Exercise =>
Leaving every picture out, repeat all of the entries below exactly.

==============================

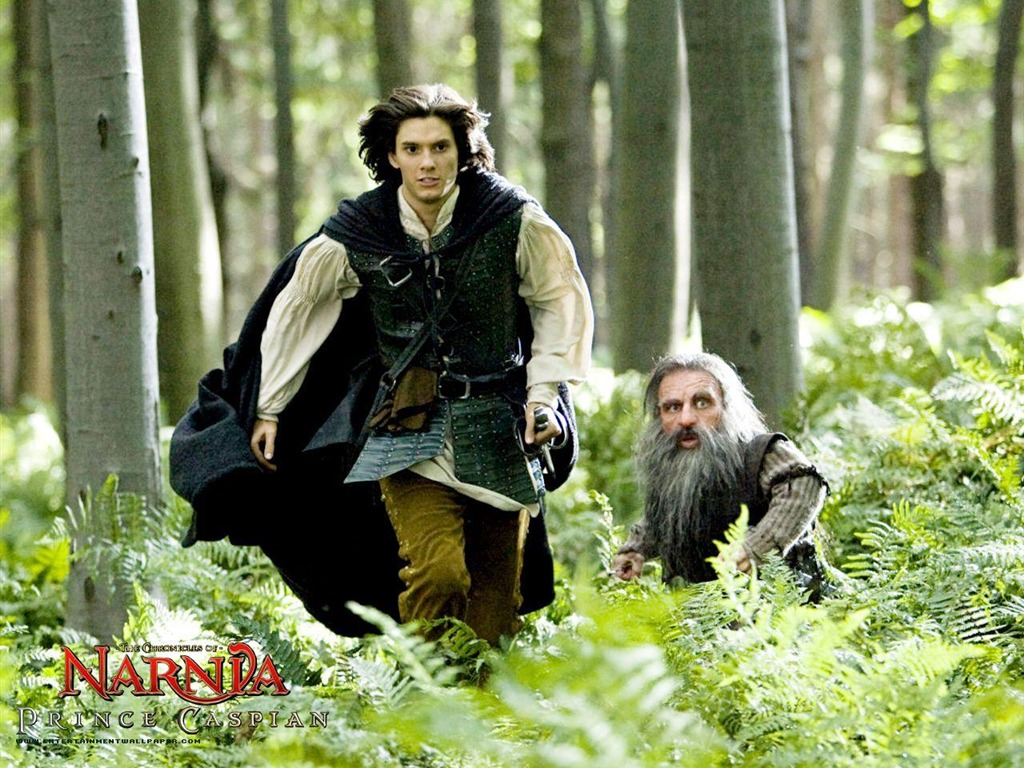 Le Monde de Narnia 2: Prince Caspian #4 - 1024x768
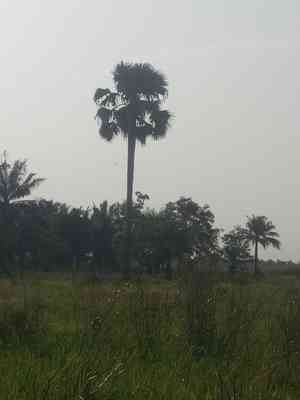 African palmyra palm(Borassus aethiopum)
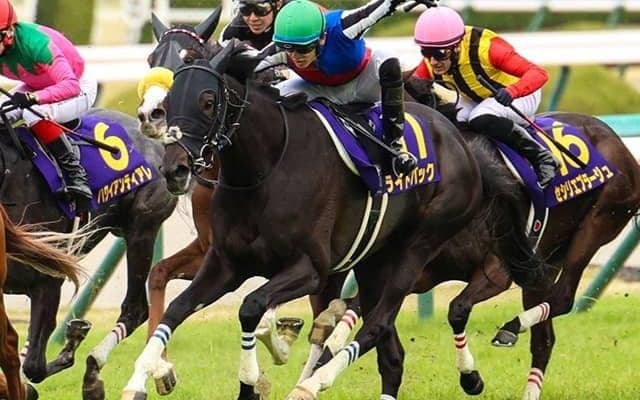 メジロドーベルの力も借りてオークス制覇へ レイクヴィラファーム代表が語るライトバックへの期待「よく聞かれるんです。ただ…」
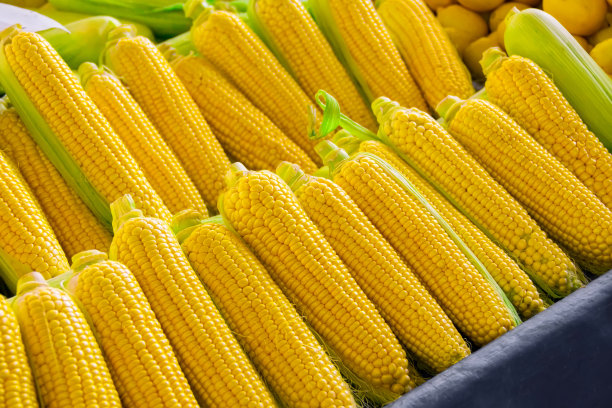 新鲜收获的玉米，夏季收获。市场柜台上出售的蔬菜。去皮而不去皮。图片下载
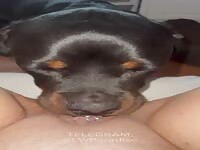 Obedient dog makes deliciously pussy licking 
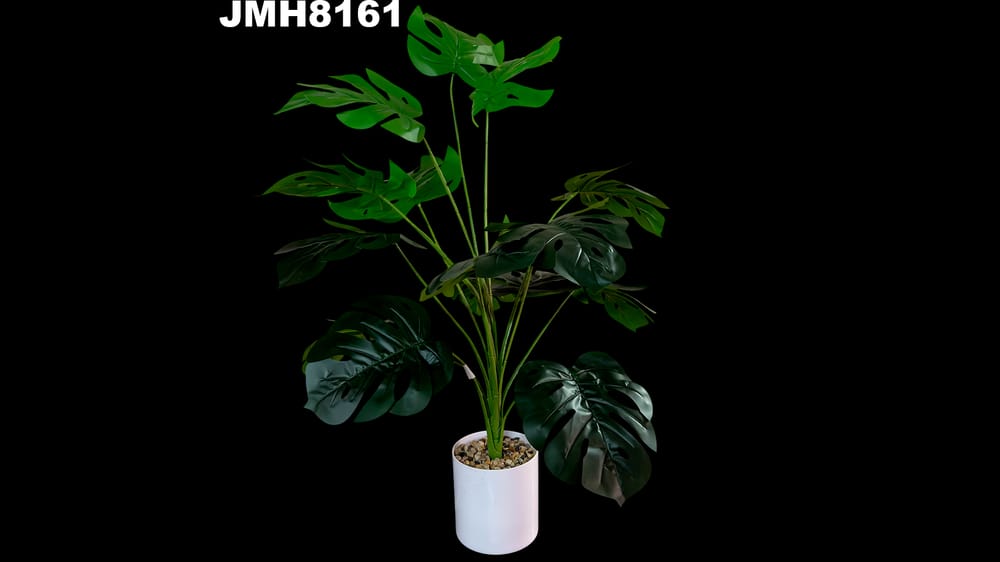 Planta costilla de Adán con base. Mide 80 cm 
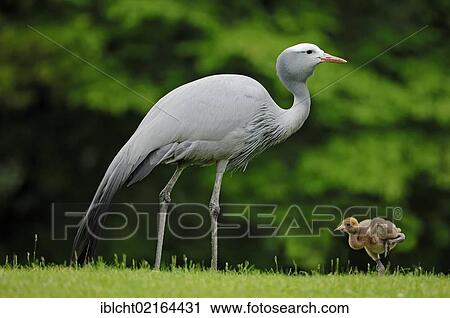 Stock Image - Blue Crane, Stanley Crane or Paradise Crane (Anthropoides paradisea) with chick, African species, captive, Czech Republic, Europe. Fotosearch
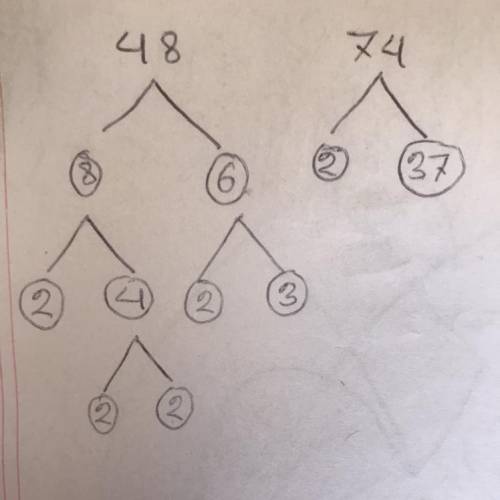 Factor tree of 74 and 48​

==============================

Exercise solution =>
 Le Monde de Narnia 2: Prince Caspian #4 - 1024x768
 African palmyra palm(Borassus aethiopum)
 メジロドーベルの力も借りてオークス制覇へ レイクヴィラファーム代表が語るライトバックへの期待「よく聞かれるんです。ただ…」
 新鲜收获的玉米，夏季收获。市场柜台上出售的蔬菜。去皮而不去皮。图片下载
 Obedient dog makes deliciously pussy licking 
 Planta costilla de Adán con base. Mide 80 cm 
 Stock Image - Blue Crane, Stanley Crane or Paradise Crane (Anthropoides paradisea) with chick, African species, captive, Czech Republic, Europe. Fotosearch
 Factor tree of 74 and 48​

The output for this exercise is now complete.